## SOURCE MATERIAL
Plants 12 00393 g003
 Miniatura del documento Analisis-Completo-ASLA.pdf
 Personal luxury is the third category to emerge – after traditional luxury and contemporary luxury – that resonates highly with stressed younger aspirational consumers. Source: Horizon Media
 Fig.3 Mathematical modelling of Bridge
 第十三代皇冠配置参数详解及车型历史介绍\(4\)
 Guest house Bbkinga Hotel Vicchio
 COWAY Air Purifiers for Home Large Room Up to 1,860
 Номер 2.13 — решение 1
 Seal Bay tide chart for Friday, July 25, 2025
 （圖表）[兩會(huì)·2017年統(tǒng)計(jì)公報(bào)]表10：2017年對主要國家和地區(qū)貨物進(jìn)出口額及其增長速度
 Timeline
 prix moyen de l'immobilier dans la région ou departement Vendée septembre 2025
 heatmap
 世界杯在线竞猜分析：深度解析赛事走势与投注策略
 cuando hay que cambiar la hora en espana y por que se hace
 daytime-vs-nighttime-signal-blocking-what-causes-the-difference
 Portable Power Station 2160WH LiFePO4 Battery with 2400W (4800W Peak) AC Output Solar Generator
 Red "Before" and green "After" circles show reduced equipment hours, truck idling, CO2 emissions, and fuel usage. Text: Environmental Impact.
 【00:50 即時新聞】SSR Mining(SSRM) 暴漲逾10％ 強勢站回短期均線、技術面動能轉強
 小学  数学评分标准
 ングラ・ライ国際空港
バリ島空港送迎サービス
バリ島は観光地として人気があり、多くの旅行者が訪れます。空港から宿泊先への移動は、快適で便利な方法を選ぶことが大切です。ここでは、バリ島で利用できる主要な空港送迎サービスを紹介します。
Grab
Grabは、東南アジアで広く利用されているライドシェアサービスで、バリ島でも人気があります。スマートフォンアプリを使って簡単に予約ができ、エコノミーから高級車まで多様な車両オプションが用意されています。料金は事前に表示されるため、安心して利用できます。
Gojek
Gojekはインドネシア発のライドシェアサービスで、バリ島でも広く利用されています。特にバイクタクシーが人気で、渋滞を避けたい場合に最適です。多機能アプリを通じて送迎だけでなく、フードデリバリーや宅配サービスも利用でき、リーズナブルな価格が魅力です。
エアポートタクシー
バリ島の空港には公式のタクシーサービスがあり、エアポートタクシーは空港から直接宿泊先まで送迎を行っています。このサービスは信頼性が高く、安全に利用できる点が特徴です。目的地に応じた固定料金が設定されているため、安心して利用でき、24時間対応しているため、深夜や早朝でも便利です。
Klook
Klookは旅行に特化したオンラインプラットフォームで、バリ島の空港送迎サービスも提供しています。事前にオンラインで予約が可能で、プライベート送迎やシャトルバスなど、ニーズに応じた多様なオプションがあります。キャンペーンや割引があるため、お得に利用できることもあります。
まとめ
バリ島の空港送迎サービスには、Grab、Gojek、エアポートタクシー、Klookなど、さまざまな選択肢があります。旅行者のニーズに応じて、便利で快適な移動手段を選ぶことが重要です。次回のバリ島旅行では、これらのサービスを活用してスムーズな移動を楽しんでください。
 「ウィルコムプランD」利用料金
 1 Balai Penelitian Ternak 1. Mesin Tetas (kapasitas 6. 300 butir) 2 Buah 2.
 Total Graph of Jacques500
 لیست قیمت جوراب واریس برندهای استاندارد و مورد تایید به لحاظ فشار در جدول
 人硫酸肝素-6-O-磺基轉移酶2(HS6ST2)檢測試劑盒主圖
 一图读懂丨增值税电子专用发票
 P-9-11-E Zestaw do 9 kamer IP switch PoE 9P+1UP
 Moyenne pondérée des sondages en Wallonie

## WHAT YOU SHOULD DO
The result consists of the line with "一图读懂丨增值税电子专用发票" through the last line of the entries above, repeated exactly and with nothing else.

## FINISHED TASK
 一图读懂丨增值税电子专用发票
 P-9-11-E Zestaw do 9 kamer IP switch PoE 9P+1UP
 Moyenne pondérée des sondages en Wallonie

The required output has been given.